The White House has formally approved the appointment of Stephen Young, the former No. 2 in the American Institute in Taiwan (AIT) in Taipei, to replace Director Douglas Paal when he steps down, according to well-placed sources in Washington. Young will arrive in March to take over the post if the administration of President Chen Shui-bian (
Both the White House and the US State Department declined to confirm the reports, and they are not expected to do so until after Taiwan officially approves the appointment.
While Young has been tipped as Paal's successor since last summer, the first word of the White House's formal approval came during a seminar on Taiwan on Thursday morning at the Heritage Foundation, when Heritage scholar John Tkacik, making a presentation, said he had been told of the development. That was later confirmed to the Taipei Times by a Taiwan-related official.
The National Security Council press office, which deals with the foreign media for the White House, did not return a telephone request for information.
A State Department spokesman said only that "the effort to have a successor in place [for Douglas Paal] is underway, and as soon as it is possible to announce someone, that will happen. But we are not at the point where that can happen yet."
Asked about Young earlier this month, department spokesman Sean McCormack said that no announcement would be made until "a new director is named and arrives in Taipei."
What must happen now, according to people familiar with the process, is that the government notifies the AIT in Washington, which communicates with Taipei, which must respond positively to the appointment before Young can assume office.

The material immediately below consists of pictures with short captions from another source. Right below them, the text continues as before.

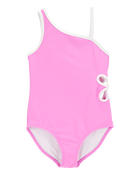 Kid 1-Piece Floral  Cut-Out Swimsuit, image 1 of 4 slides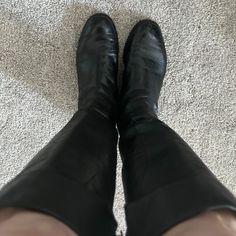 Classic Black Leather Modern Vintage Boot. Vintage Boots, Leather Boot, Vintage Shoes, Vintage Leather, Modern Vintage, Classic Black, Vintage Black, Leather Boots, Black Leather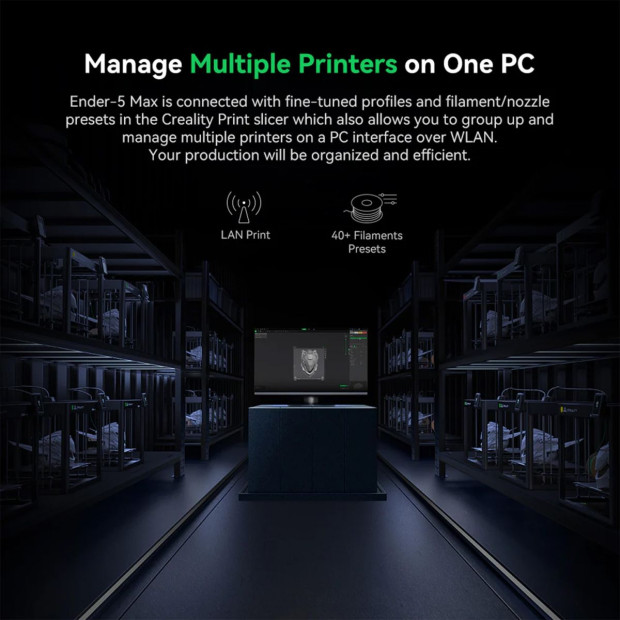 Creality Ender-5 Max 3D Printer 700mm/s Max Speed Build Volume 400 x 400 x 400mm Image 12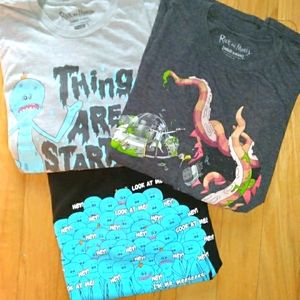 Rick & Morty t-shirt bundle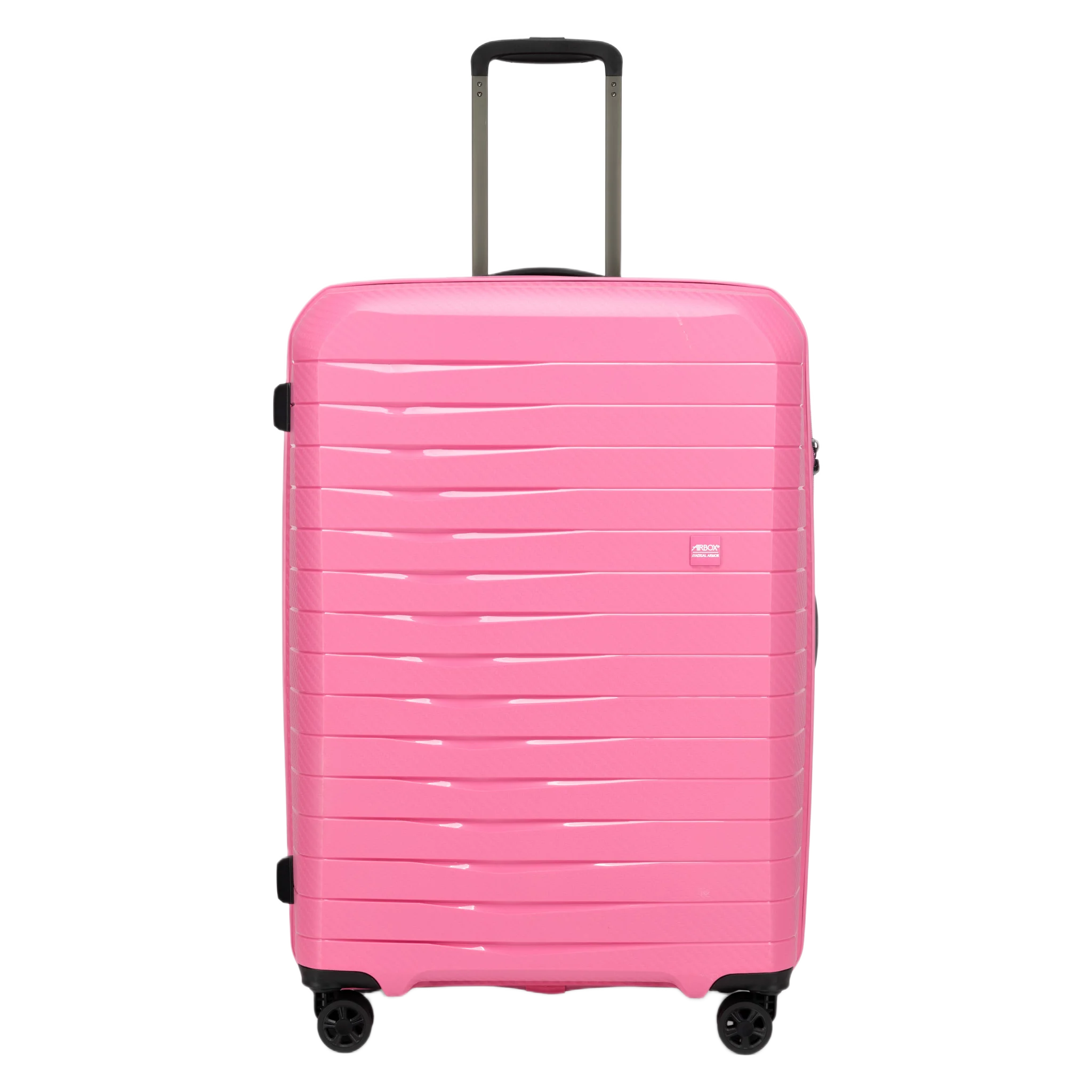 Airbox AZ18 stor pink kuffert, forfra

Former officials who worked with Young during his posting to Taipei from the summer of 1998 to the summer of 2001 had nothing but praise for him.
Former AIT chairman Richard Bush said, "I think he did a superior job representing the US at that time. He and Ray Burghardt were instrumental in establishing channels of communications with the Chen team before the March 2000 election."

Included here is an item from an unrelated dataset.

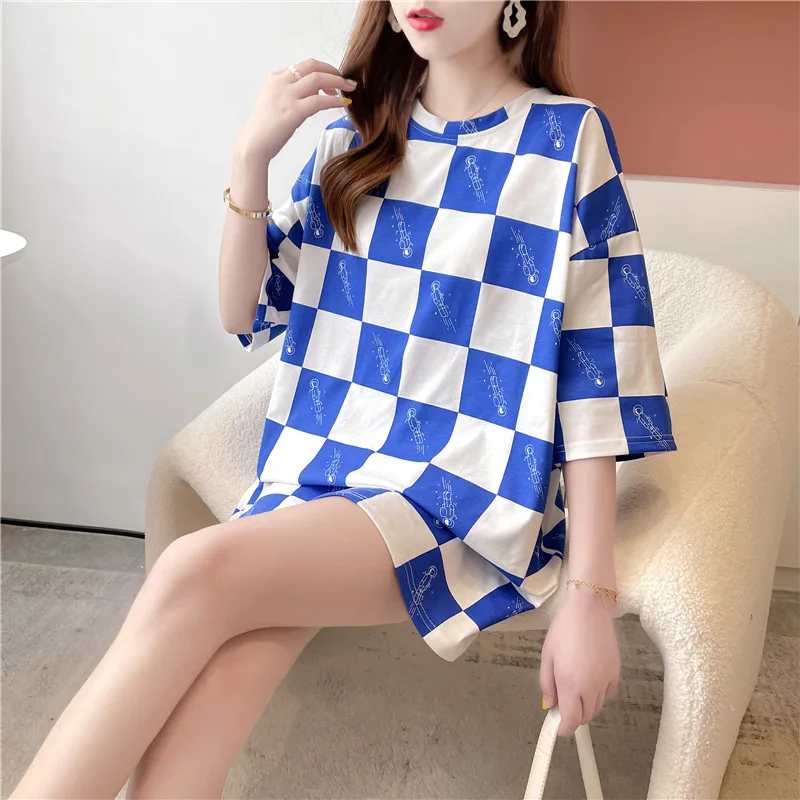 

New T-Shirt For Women’s Casual Lady Tide Female Dress Free Shipping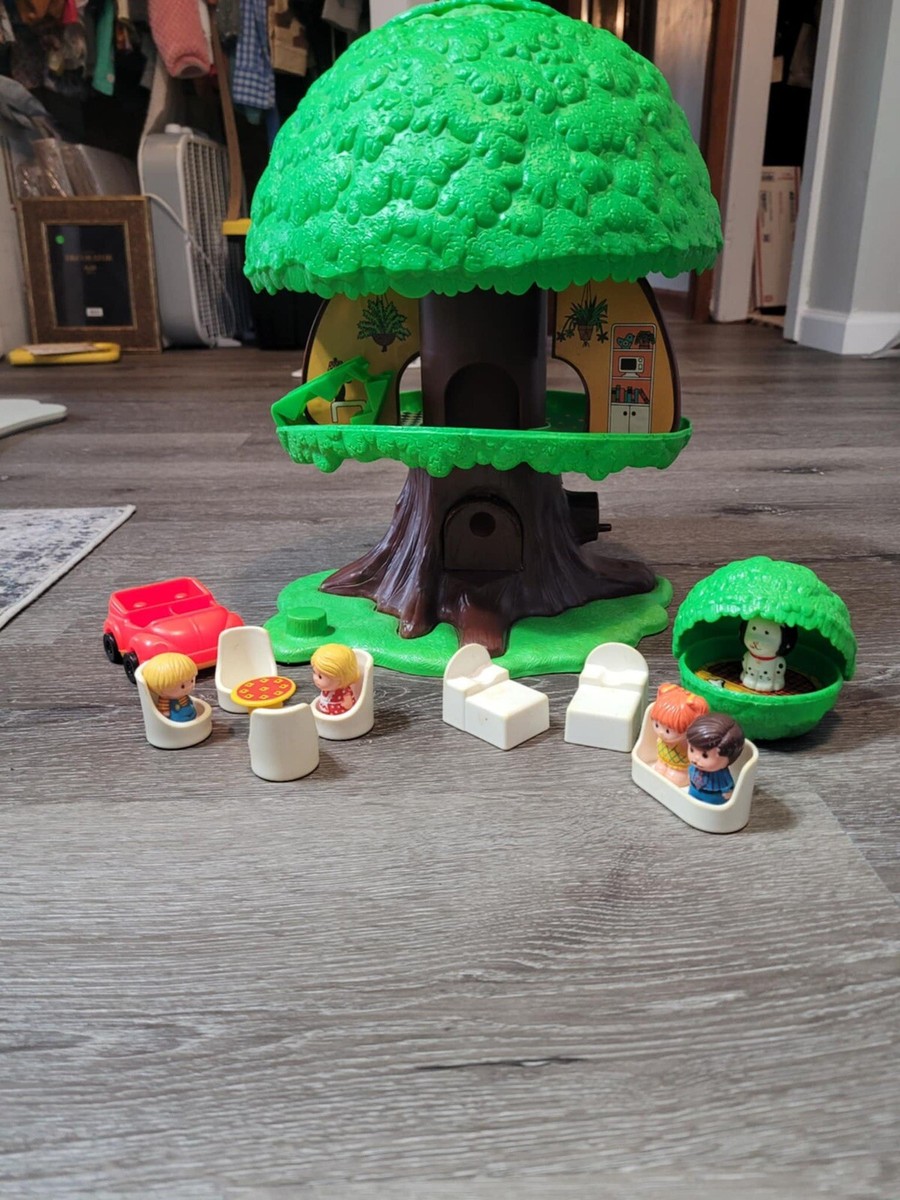 Family Treehouse Toy Fisher Price Tree House 1970s Playskool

Burghardt was the AIT director from 1999 to 2001, and is reportedly in line to become the next AIT chairman.
Because of those communications, Bush added, "the transit that occurred in the spring of 2000 was smoother, and the US-Taiwan dimension of the transit was far smoother."
"As a result of his role in that, he knows the people now in the government, and he will slide easily into his role as director, if appointed," Bush said.
Young will also be able to establish good relations with the pan-blue opposition, Bush said.
Former assistant secretary of state for East Asia, James Kelly, who worked regularly with Young as assistant director in Taipei and when Young was acting director after Burghardt's departure, joined in the praise, saying, "this is good news for Taipei, it is good news for Washington."
"Steve Young is an experienced diplomat. Steve did an outstanding job in a difficult post in Kyrgyzstan," where he was ambassador until retiring last summer.
Young "has a very fine sense of individuals and the atmosphere in Taipei and Taiwan, and I think he'll do a very good job of representing Washington there. I think he had a good reputation as a manager of that post," Kelly said.